→ Directions for this task: Give back the records below verbatim, please, but without a single image.

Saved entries
_ _ _

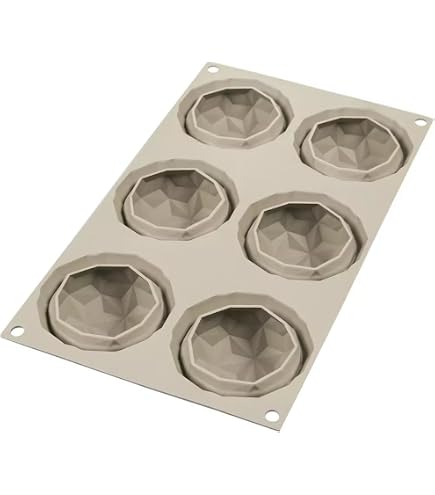 Bolle Silikomart stampo in silicone ø22 cm | stampi tortiere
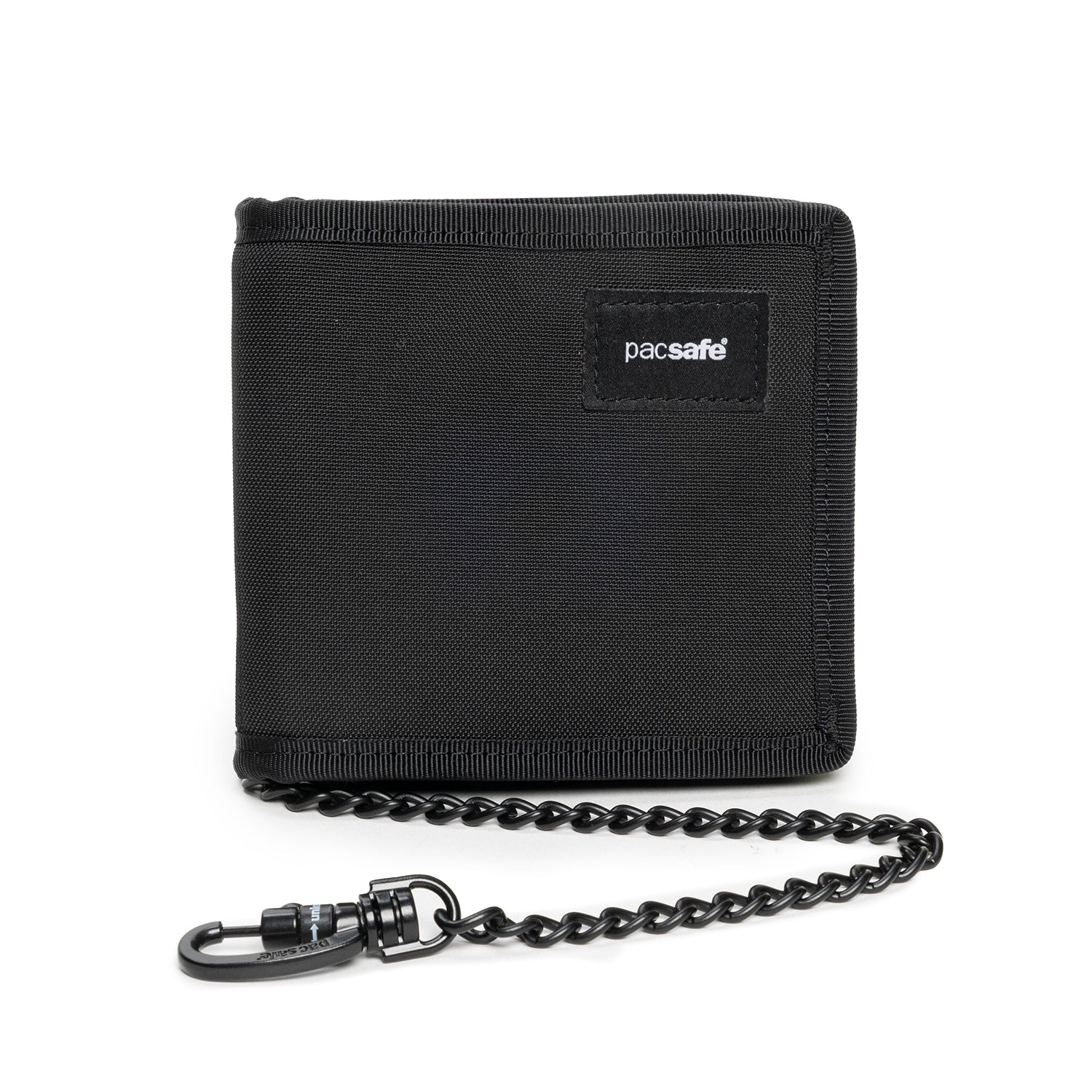Product image of Pacsafe® RFIDsafe™ Z100 RFID blocking bifold wallet Pacsafe® RFIDsafe™ Z100 RFID blocking bifold wallet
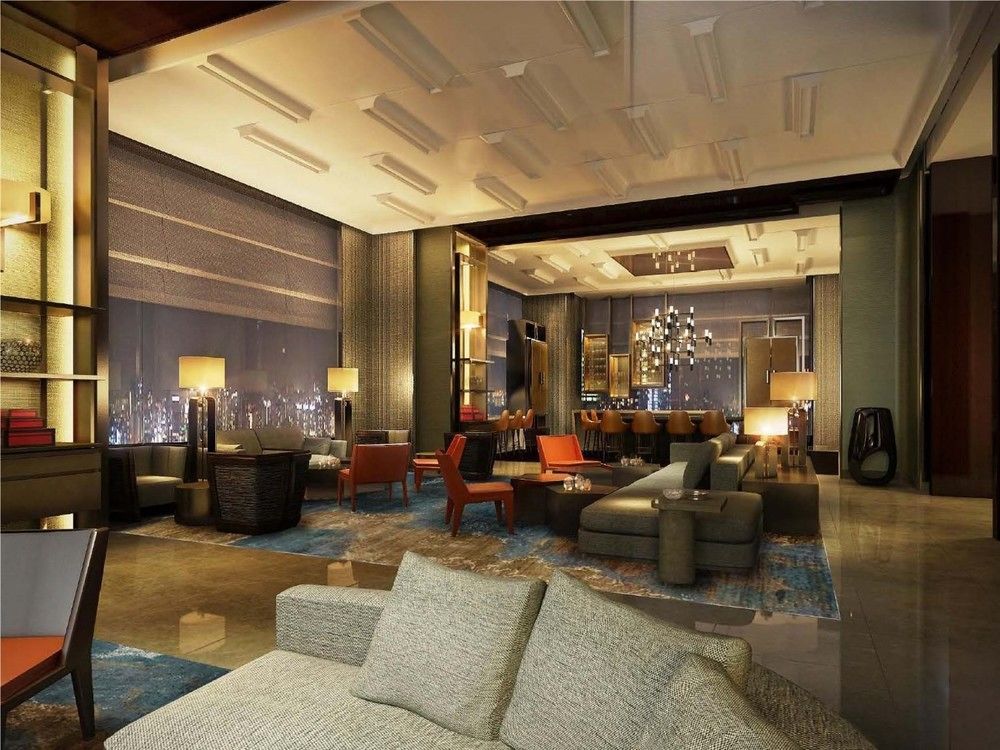 Hyatt Regency Global Harbor 5* Shanghai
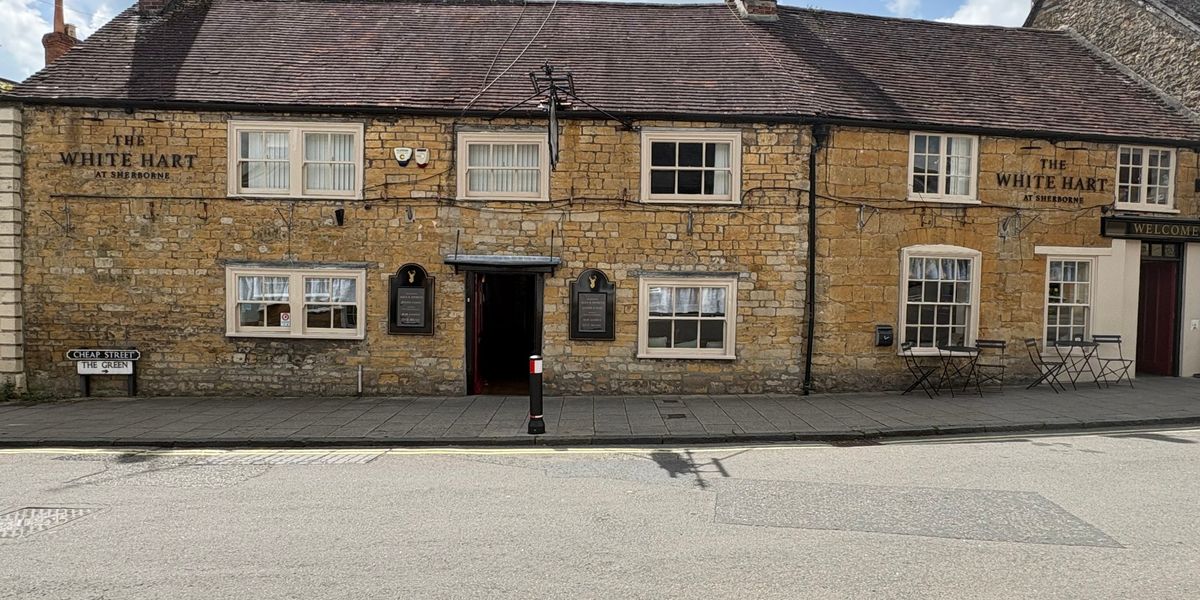 White Hart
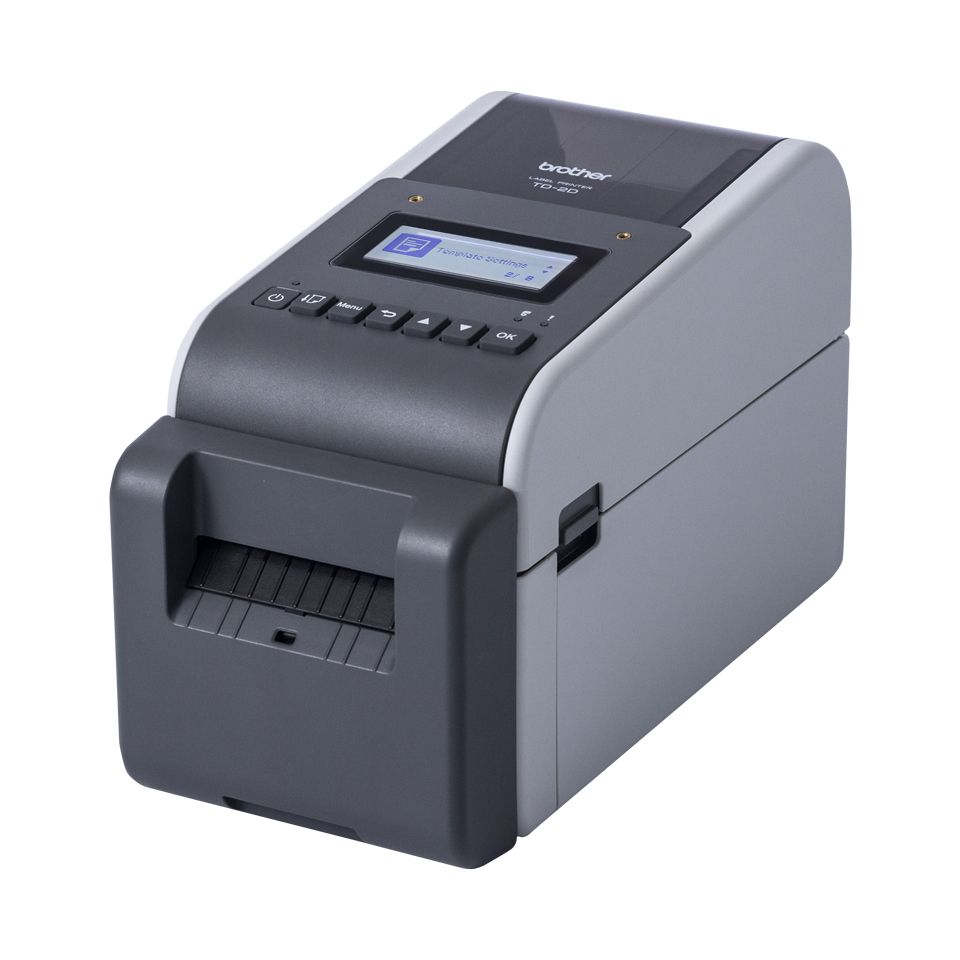 BROTHER TD2350D,2 ,ETHERNET, WIFI, BT,LCD,203DPI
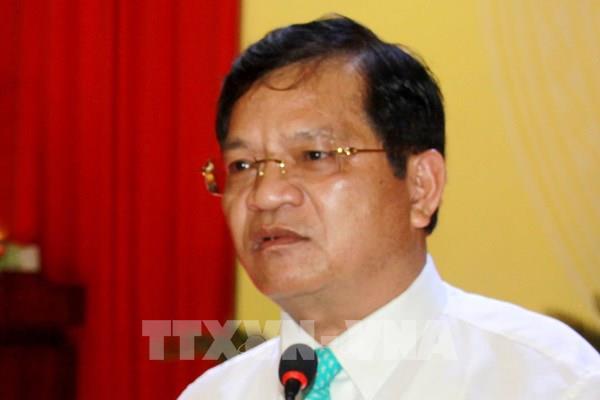 Kỷ luật 2 cựu Chủ tịch UBND tỉnh Quảng Ngãi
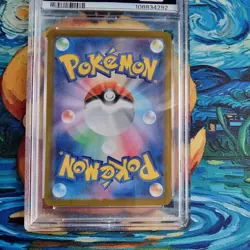 Pokemon Persian PSA 10 Graded Night Wanderer sv6a AR 075/064 2024 Japanese Card - Image 4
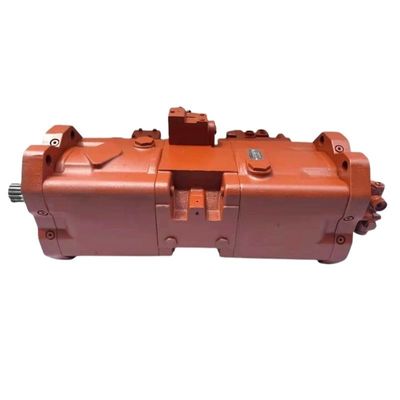 Kato Excavator Parts HD1430 Hydraulic Main Pump KAWASAKl K3V180 Hydraulic Pump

_ _ _

→ Task answer:
 Bolle Silikomart stampo in silicone ø22 cm | stampi tortiere
Product image of Pacsafe® RFIDsafe™ Z100 RFID blocking bifold wallet Pacsafe® RFIDsafe™ Z100 RFID blocking bifold wallet
 Hyatt Regency Global Harbor 5* Shanghai
 White Hart
 BROTHER TD2350D,2 ,ETHERNET, WIFI, BT,LCD,203DPI
 Kỷ luật 2 cựu Chủ tịch UBND tỉnh Quảng Ngãi
 Pokemon Persian PSA 10 Graded Night Wanderer sv6a AR 075/064 2024 Japanese Card - Image 4
 Kato Excavator Parts HD1430 Hydraulic Main Pump KAWASAKl K3V180 Hydraulic Pump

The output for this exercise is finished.